▶ **Exercise directions**: Restate each record below word for word, skipping images.

Data for analysis Block Start

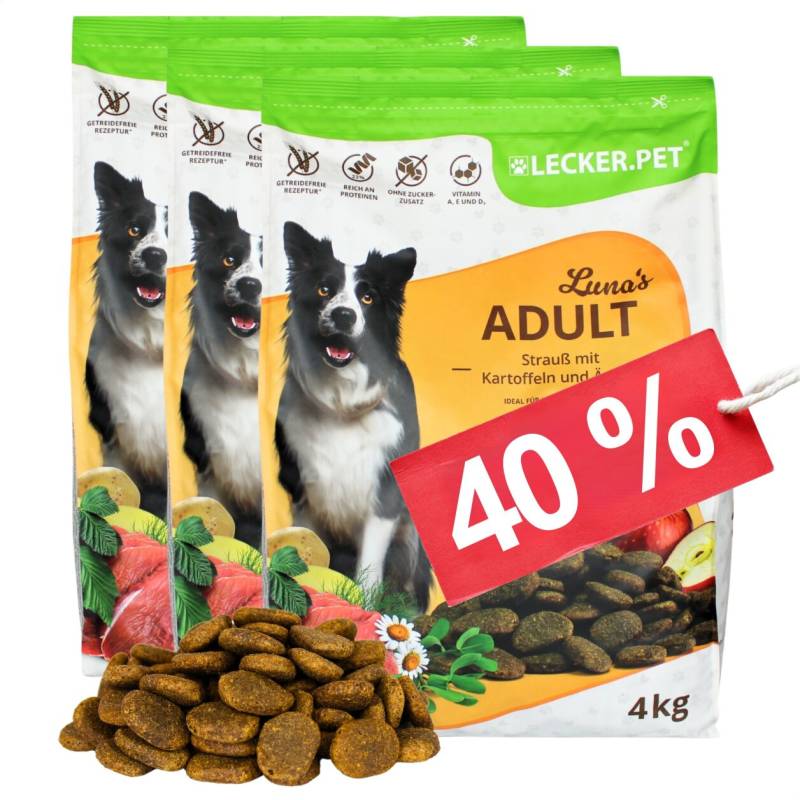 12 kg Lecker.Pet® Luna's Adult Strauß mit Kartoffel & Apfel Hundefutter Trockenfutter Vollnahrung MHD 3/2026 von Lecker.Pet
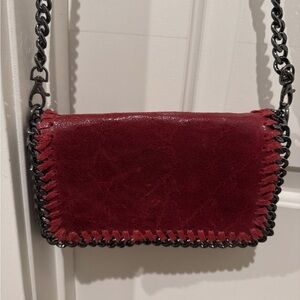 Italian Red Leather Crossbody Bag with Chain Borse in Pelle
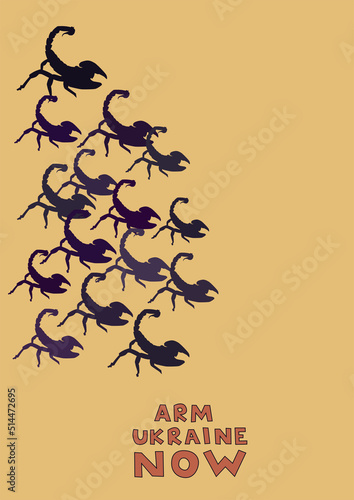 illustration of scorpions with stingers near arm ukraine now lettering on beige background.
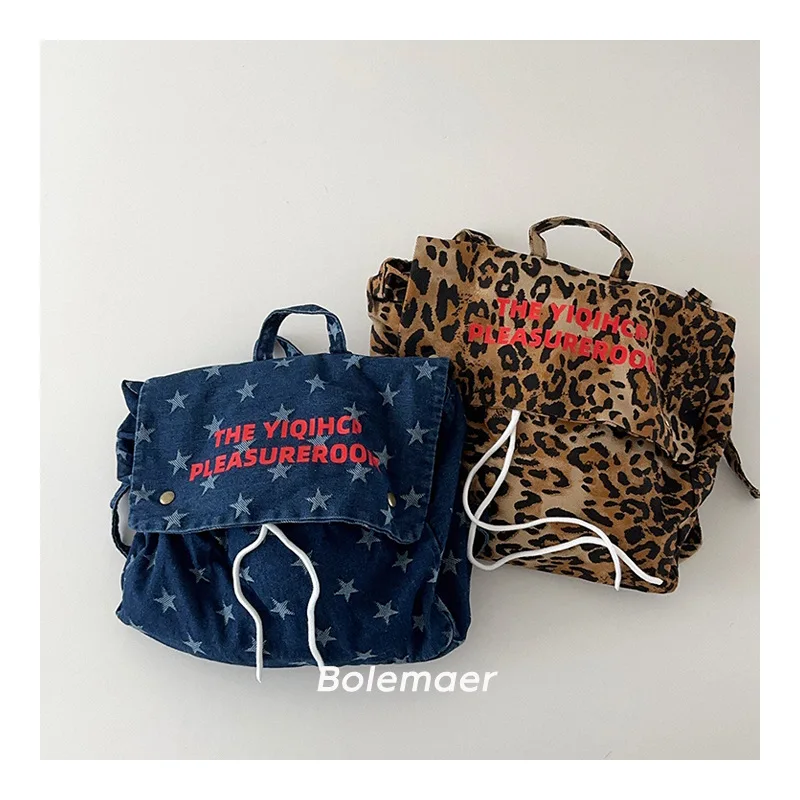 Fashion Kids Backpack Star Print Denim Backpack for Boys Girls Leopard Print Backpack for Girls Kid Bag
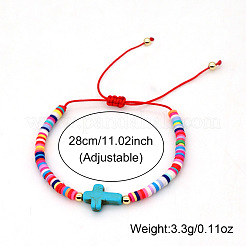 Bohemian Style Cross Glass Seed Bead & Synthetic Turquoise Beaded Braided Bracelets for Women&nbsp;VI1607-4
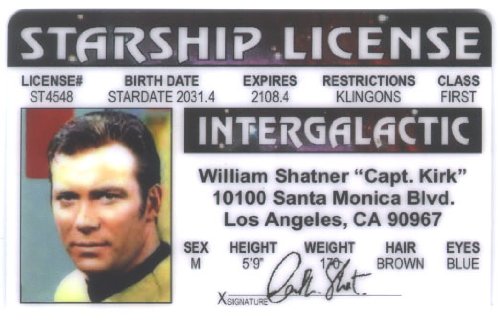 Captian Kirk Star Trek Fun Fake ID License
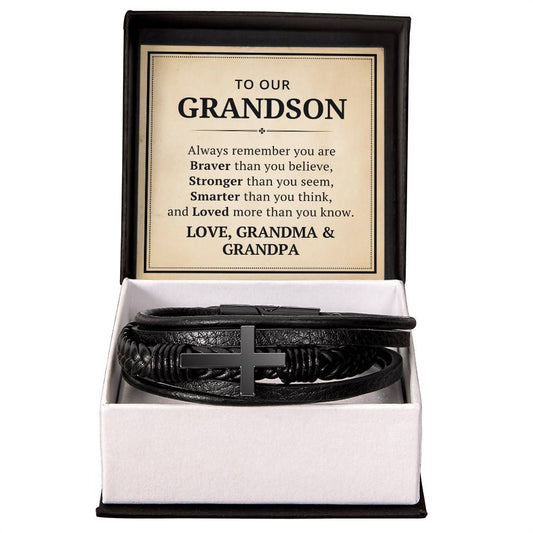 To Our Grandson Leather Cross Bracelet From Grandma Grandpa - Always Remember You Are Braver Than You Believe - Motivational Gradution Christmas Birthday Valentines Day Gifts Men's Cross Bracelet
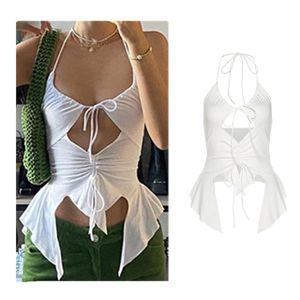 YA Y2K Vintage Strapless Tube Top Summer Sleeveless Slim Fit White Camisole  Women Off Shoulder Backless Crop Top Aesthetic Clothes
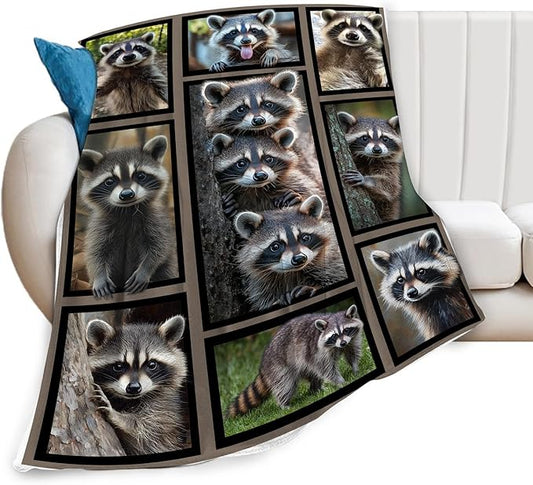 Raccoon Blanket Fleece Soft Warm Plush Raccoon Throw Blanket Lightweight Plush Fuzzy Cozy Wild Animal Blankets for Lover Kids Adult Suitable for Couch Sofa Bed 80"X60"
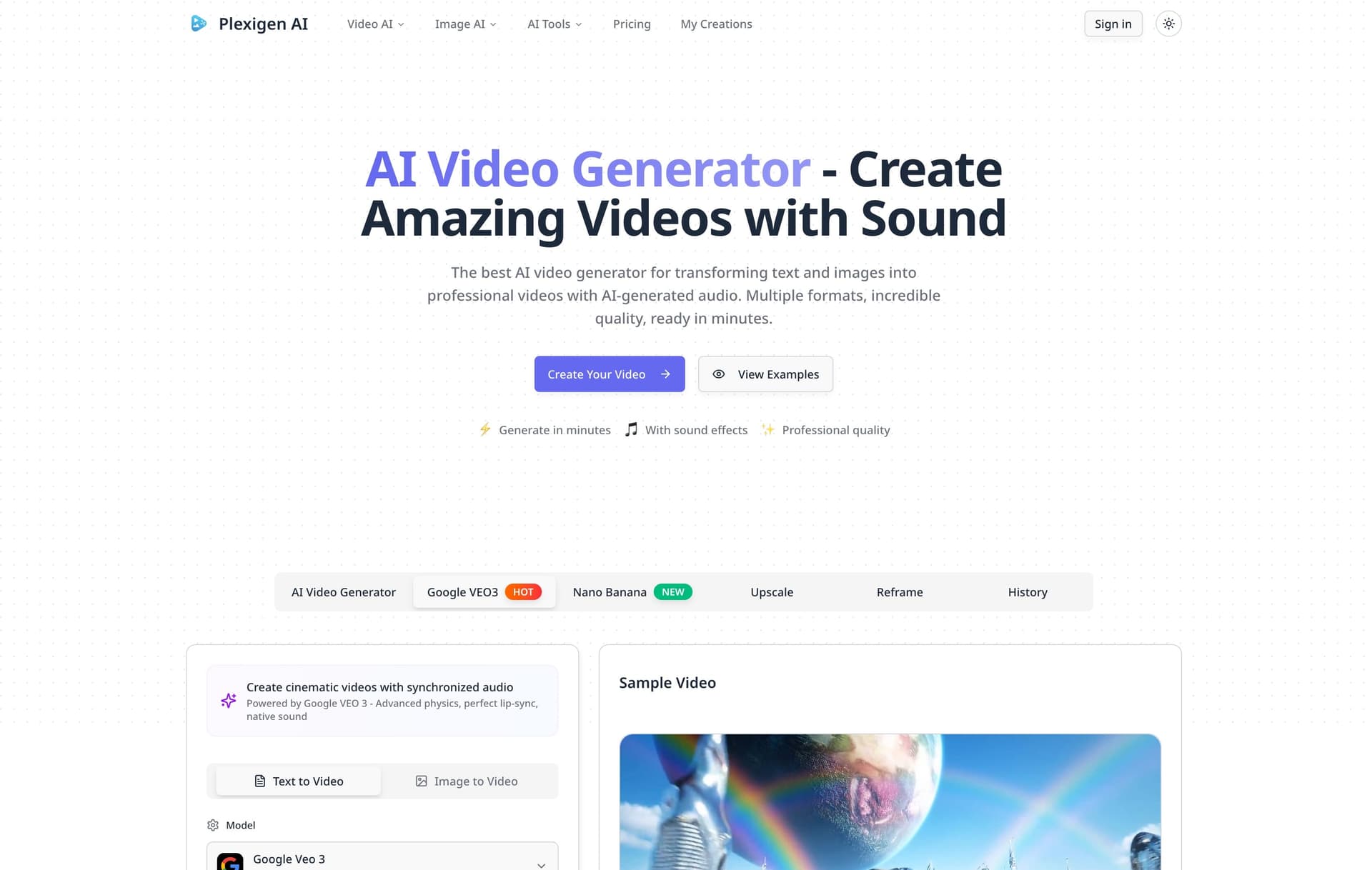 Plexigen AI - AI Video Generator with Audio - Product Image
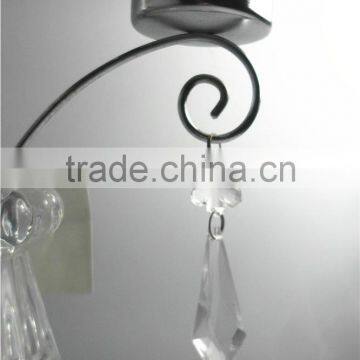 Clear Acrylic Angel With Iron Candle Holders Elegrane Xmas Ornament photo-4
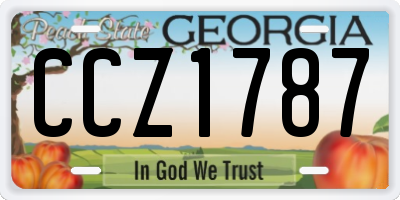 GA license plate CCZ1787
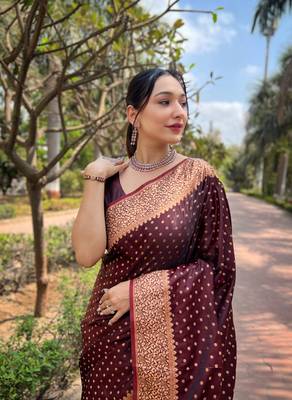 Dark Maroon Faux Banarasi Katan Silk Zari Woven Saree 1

Data for analysis Block End

▶ **Result for this task**:
 12 kg Lecker.Pet® Luna's Adult Strauß mit Kartoffel & Apfel Hundefutter Trockenfutter Vollnahrung MHD 3/2026 von Lecker.Pet
 Italian Red Leather Crossbody Bag with Chain Borse in Pelle
 illustration of scorpions with stingers near arm ukraine now lettering on beige background.
 Fashion Kids Backpack Star Print Denim Backpack for Boys Girls Leopard Print Backpack for Girls Kid Bag
 Bohemian Style Cross Glass Seed Bead & Synthetic Turquoise Beaded Braided Bracelets for Women&nbsp;VI1607-4
 Captian Kirk Star Trek Fun Fake ID License
 To Our Grandson Leather Cross Bracelet From Grandma Grandpa - Always Remember You Are Braver Than You Believe - Motivational Gradution Christmas Birthday Valentines Day Gifts Men's Cross Bracelet
 YA Y2K Vintage Strapless Tube Top Summer Sleeveless Slim Fit White Camisole  Women Off Shoulder Backless Crop Top Aesthetic Clothes
 Raccoon Blanket Fleece Soft Warm Plush Raccoon Throw Blanket Lightweight Plush Fuzzy Cozy Wild Animal Blankets for Lover Kids Adult Suitable for Couch Sofa Bed 80"X60"
 Plexigen AI - AI Video Generator with Audio - Product Image
 Clear Acrylic Angel With Iron Candle Holders Elegrane Xmas Ornament photo-4
 GA license plate CCZ1787
 Dark Maroon Faux Banarasi Katan Silk Zari Woven Saree 1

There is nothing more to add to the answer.